Punishments Rise as Student Protests Escalate

Punishments Rise as Student Protests Escalate

Some college administrators are increasingly punishing student activists with suspensions, expulsions and arrests…

The actions of the students and the college administrators resemble campus climates during the Civil Rights Movement, Vietnam War and the apartheid era in South Africa… What has changed is the pressure politicians and donors now exert on college leaders to support a particular viewpoint

by Kathryn Palmer, reposted from Inside Higher Ed, April 15, 2024

Six months after the Israel-Hamas war set off a new wave of campus activism in the United States, students are still protesting in full force. And at some institutions administrators are responding to student demonstrators—especially supporters of Palestinians—with increasingly harsh discipline.

In late March, Vanderbilt University police arrested four students and a local journalist after protesters took over the chancellor’s office, demanding the administration restore an Israeli divestment-related amendment removed from the student government ballot. Three students were subsequently expelled and others received suspensions or disciplinary probation.

Less than two weeks later in California, 20 students were arrested at Pomona College — and some have since been suspended—after masked protesters from the Pomona Divest from Apartheid coalition stormed the president’s office and allegedly hurled a racial slur at an administrator.

And on Saturday, the Students for Justice in Palestine chapter at Rutgers University at New Brunswick said in a statement that it was cancelling a walkout “in solidarity and remembrance of the people of Gaza who no longer have any universities left,” planned for Monday, after administrators reportedly warned them of possible suspension or even expulsion if the protest went forward.

In some ways, the actions of the students and the college administrators resemble campus climates during the Civil Rights Movement, Vietnam War and the apartheid era in South Africa, among other eras of social upheaval.
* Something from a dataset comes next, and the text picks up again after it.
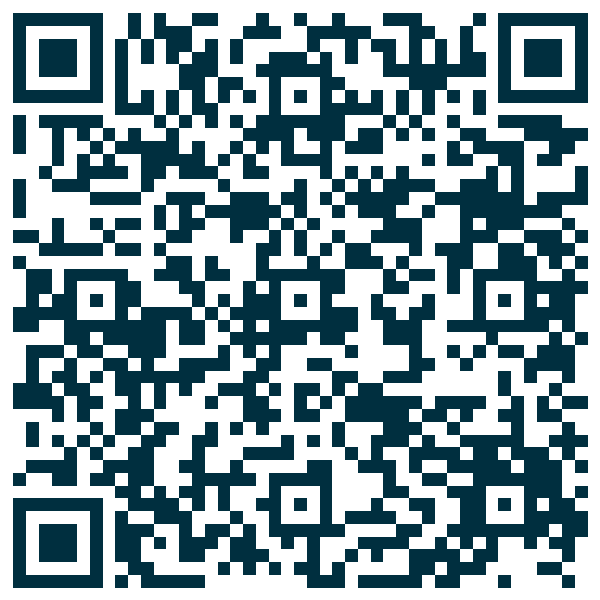 QR code — E.LECLERC Location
What has changed, however, is the pressure politicians and donors now exert on college leaders to support a particular viewpoint.

‘Outside Pressures’

“The outside pressures are real, larger than they’ve been in my memory and are going to continue to build,” said Tom Ginsburg, a law professor at the University of Chicago and faculty director of the university’s Forum for Free Inquiry and Expression. He noted that incidents of students shouting down campus speakers with whom they disagree in recent years is part of the larger context.

“That’s been building and it’s changed the academic culture in a bad way,” Ginsburg said. “We’re seeing some backlash against that and university leaders are caught in the middle.”

The intensified pressure on university leaders is likely to be on display Wednesday on Capitol Hill, where Minouche Shafik, president of Columbia University, and the co-chairs of its Board of Trustees will testify before the House Education and Workforce Committee about the university’s response to antisemitism.

The presidents of the University of Pennsylvania, MIT and Harvard University testified before the same committee in December, and were criticized for equivocating on questions about whether calls for the genocide of Jewish people violated university code of conduct policies.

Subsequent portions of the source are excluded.